Editors’ note. For this anniversary issue of the journal, we sent the following invitation to a group of young contributors:
The thirtieth anniversary issue of differences has as its title:
-30- The End of the Story
We borrow the mark -30- that American journalists have traditionally used to indicate the end of a story. While one might debate whether or not the story of critical feminism itself has come to an end, there is no question that much has changed in the field.
Instead of offering our editorial thoughts as to which critical preoccupations have happily or unhappily expired over the years, which ones one might like to see go—or not—we invite you to reflect on these questions.
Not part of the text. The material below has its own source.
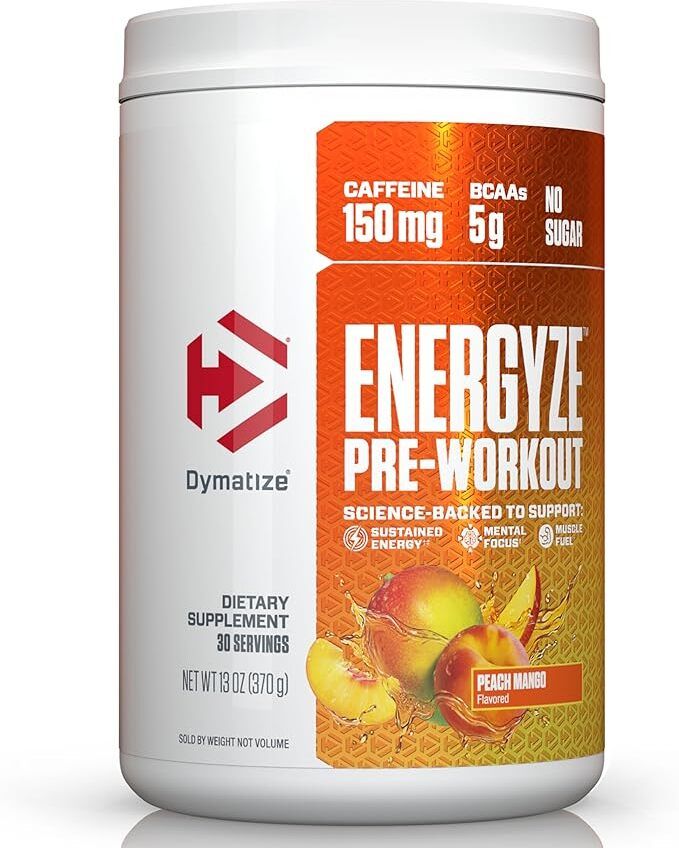 Energyze Peach Mango Pre Workout-image-23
Of course, we aren’t entirely relinquishing our editorial prerogatives in the framing of issue -30-. For some time now we have been struck by the unfortunate predictability of so much of the critical work we see. It seems that the last thing one needs in politically challenging times is the already-known. We have thus been delighted to find in your work—however else you might differ from one another—the pleasure of the unexpected. It is for this reason that we invite you to reflect on -30-.
Among the various ways to theorize the unexpected, perhaps Freud’s notion of Witz is apt for these times. In his Jokes and Their Relation to the Unconscious, he examines how the well-turned joke (like the pun or the slip of the tongue) can propel the listener from one story to an entirely different story in an instant. While the instantaneous displacement of the joke is marked by laughter, it works to demonstrate Freud’s view of the serious fragility of the carefully ordered rationality in which we put so much faith. Displacements that disorder the well-worn paths of thought take many forms and varied objects and have often been the inadvertent—as well as the intended—end of feminist interventions.
We hope you will agree to offer your views on critical feminism -30-. You may address the question of the “end of the story” in any way you wish, remembering that for this journal “critical feminism” is by no means limited to conventional feminist themes but encompasses as well the problematic captured in the tensions of the title differences.